導波路高さ方向の相関長を大きくすると、高さ方向に筋の入ったようなラフネスになります。

ラフネスの相関長と分散σが同じでも、異なるseedで生成しているため、
両側の側壁のラフネス形状は異なることが確認できます。
実行結果
こちらがspyder上での実行画面になります。スクリプトをrunすると、Lumericalのgui画面が起動しシミュレーションが開始します(作成したfspとlsfファイルはpython上で呼び出すので、lumericalのGUI上で実行する必要はありません)
今回はwith lumapi.FDTD(hide=False) as fdtd:としていますが、hide=TrueとすればGUIを立ち上げることなくバックグラウンドで処理が始まります。計算の試行回数が多い場合にはGUIを立ち上げずに処理した方が良いでしょう。
このようにpython apiを用いて処理を実行すると、最終的な累積透過率の計算結果が出力されます。今回は試行回数を3回として計算した場合です。最終的な透過率はT_means±stdで0.982となりました。

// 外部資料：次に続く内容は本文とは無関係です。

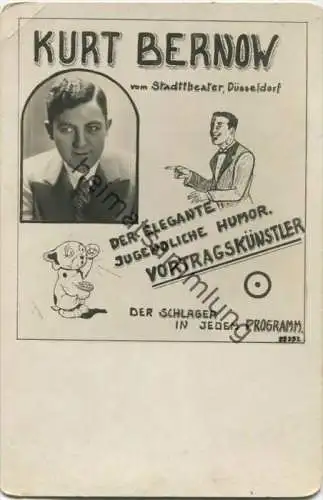 Kurt Bernow vom Stadttheater Düsseldorf - Vortragskünstler - Künstlerkarte H. Vollrath 1929 - Verlag Gebr. Garloff Magde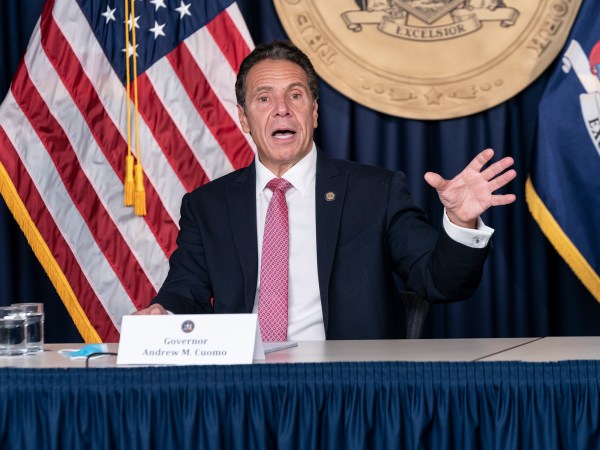 NEW YORK, UNITED STATES - 2020/09/29: New York State Governor Andrew Cuomo holds daily media announcement and briefing at 633 3rd Avenue, Manhattan. Governor discussed Stabilization and Recovery Program for the state as well as uptick of positive infections in some areas of the state. Governor Andrew Cuomo announced that he will meet with Orthodox Jewish leaders to address COVID-19 clusters in communities downstate. He emphasized importance of wearing masks, social distances and enforcement of compliance. (Photo by Lev Radin/Pacific Press/LightRocket via Getty Images)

今回設定したラフネスパラメータは、仮の値ですが、実際のデバイスの試作結果に合わせたパラメータを入力することで、現実的な光損失の値をシミュレーションできるようになります。
✨ まとめ
• Lumericalのobject libraryのrandom surfaceを用いて、ラフネスを統計的に扱うことで、実際のデバイス損失をより現実的に評価できる
• Python APIを使うと、FDTDの繰り返し試行を自動化できる
• GUIを立ち上げないhide=Trueモードは、大規模計算の省リソース化に有効
※本記事は筆者個人の見解であり、所属組織の公式見解を示すものではありません。